Roehl v. State of Wisconsin Federal Building Eastern District
SCREENING ORDER signed by Judge Brett H Ludwig on 5/9/22 that Roehl's motion for leave to proceed without prepaying the filing fee 4 is GRANTED. Roehl's motions to appoint counsel 2 , 5 , 11 are DENIED without prejudice. Roehl's motion to amend his complaint (which includes his proposed amended complaint) 11 is DENIED without prejudice. On or before June 8, 2022, Roehl shall file an amended complaint curing the defects in the original and proposed amended complaints (cc: all counsel and mailed to pro se party w/amended complaint & guide, warden)(jad)

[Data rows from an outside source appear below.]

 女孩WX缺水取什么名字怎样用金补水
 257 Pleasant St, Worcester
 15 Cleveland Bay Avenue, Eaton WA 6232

UNITED STATES DISTRICT COURT
EASTERN DISTRICT OF WISCONSIN
BERT F. ROEHL,
Case No. 22-cv-0410-bhl
STATE OF WISCONSIN,
Plaintiff Bert Roehl, who is currently incarcerated at the Shawano County Jail and
representing himself, filed a complaint alleging discrimination under the Americans with
Disabilities Act (ADA) in connection with his alleged violation of a court-ordered requirement
that he install an ignition interlock device (IID) on any vehicle he operates. Dkt. No. 1. He also
filed three motions to appoint counsel (Dkt. Nos. 2, 5, 11), and a motion to amend his complaint
to include allegations “showing how the Shawano Co. court system has been closed to [him] for
over 30 plus years or most of [his] adult life (Dkt. No 11).” The Court will deny Roehl’s motions
for counsel and will screen his original and proposed amended complaint.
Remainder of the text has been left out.